I was thinking that if I got my shopping done early that I would have more time. I thought that with the more time I could do more things. And by doing more things it totally backfired on me and I was feeling like the Grinch with my heart 3 sizes too small. I just needed to slow down and let the spirit of the season ooze into my soul and I needed to delight in all of the magic that was already around me. Having children around at Christmas is my favorite thing ever. I love that they make projects at school to bring home and hang on the fridge. I love that they are humming or singing Christmas songs. I love that their little minds are always buzzing with excitement at what the present with their name on it under the tree might hold. I love that they think of others more, help each other more, and love each other more.

When I stopped to think about this and was being Santa's helper on Christmas Eve it finally sunk in. I hope I can remember that it is not all that we can squeeze into the Christmas season that makes it special, but how we spend it as a family. This realization came not a moment too soon.

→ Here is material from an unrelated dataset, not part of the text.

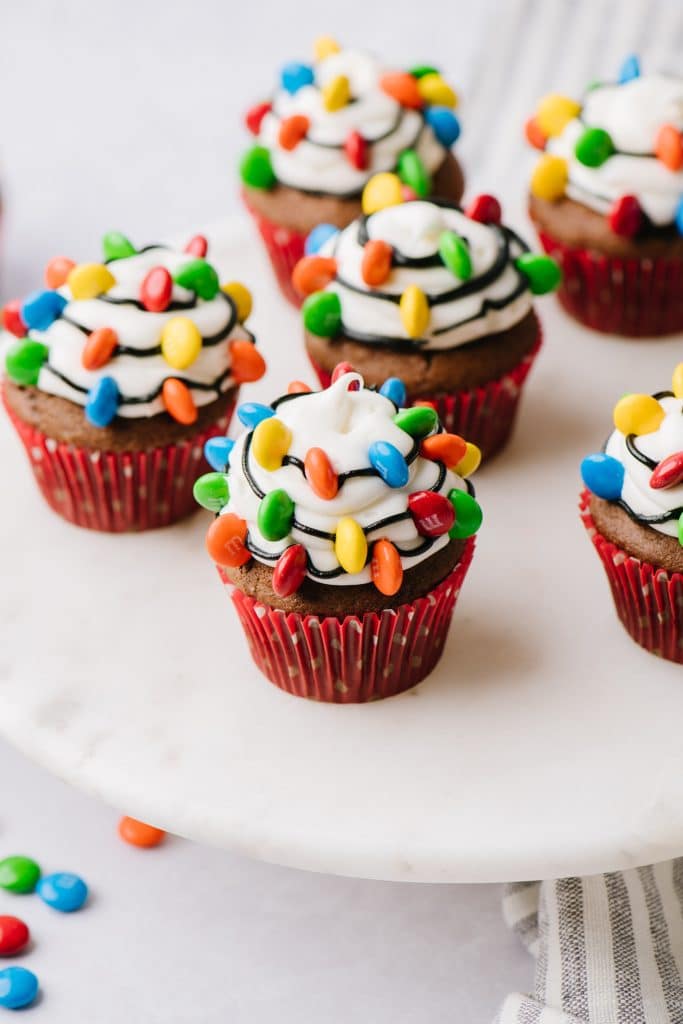 chocolate cupcakes decorated with vanilla frosting, black strings and m&ms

Christmas morning came with these smiling faces and their eager anticipation while dad goes to check if Santa truly came.



I feel very blessed that Santa does come to visit my boys. I think that even though they are your typical boy that likes to fart, tease, giggle at potty talk, and get dirty, they are such good boys that also like to help, laugh, and love.

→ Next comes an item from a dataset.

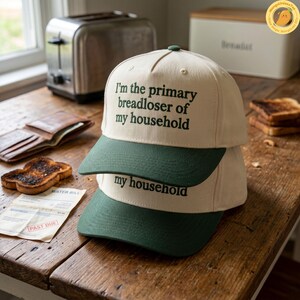 K&ouml;nnte beinhalten: Zwei beige Baseballkappen mit dunkelgr&uuml;nen Schirmen sind auf einem Holztisch gestapelt. Auf der oberen Kappe steht in dunkelgr&uuml;ner Schrift "I'm the primary breadloser of my household". Auf der unteren Kappe steht "my household".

I also love the expressions on their faces when they get that special present that they asked for. Over and over and over.






I was very excited about Justin's present. I made him a University of Utah t shirt blanket. I got the idea from my sister who made her husband one for his birthday and I knew that Justin had to have one. Although my mom helped quite a bit I still feel I contributed enough to say that I made it. I was very proud of myself and Justin loved it.






The rest of the day was fantastic. It was laid back and spent with family and toys were played with. Time was also taken to remember our dear Savior. I am so grateful for Him and all he did for me. I have a long way to go before I will feel that I am worthy to see Him again but I am trying everyday. I hope I can slow down not just at Christmas time but throughout the year to remember him and be more like him. Then maybe next Christmas, it will mean even more.






6 comments:

The Winegar's said...

I love you. It was fun to see the look on Justin's face. We wanted to pull our hair out at times but it was well worth it.

maxfamclan said...

Lovely, lovely post. Truer words were never blogged.

And I ADORE your blanket!!!!!

The Beckstroms said...

We loved this post and Caroline loved seeing the happy boys. The quilt looks incredible and cozy! We were so glad to be able to spend time with you guys, it made the time so special for us! Love you!

Here And Happy! said...

Well, you certainly contributed to MY Christmas season happiness, with delightful cookie decorating that included me, Caroline, Olive and Andrea. It made my day. Thanks for sharing.

L.J. said...

your boys are getting so big and so handsome! fun to find your blog through andrea.

Jer + Lu said...

Love the quilt! What a fantastic idea.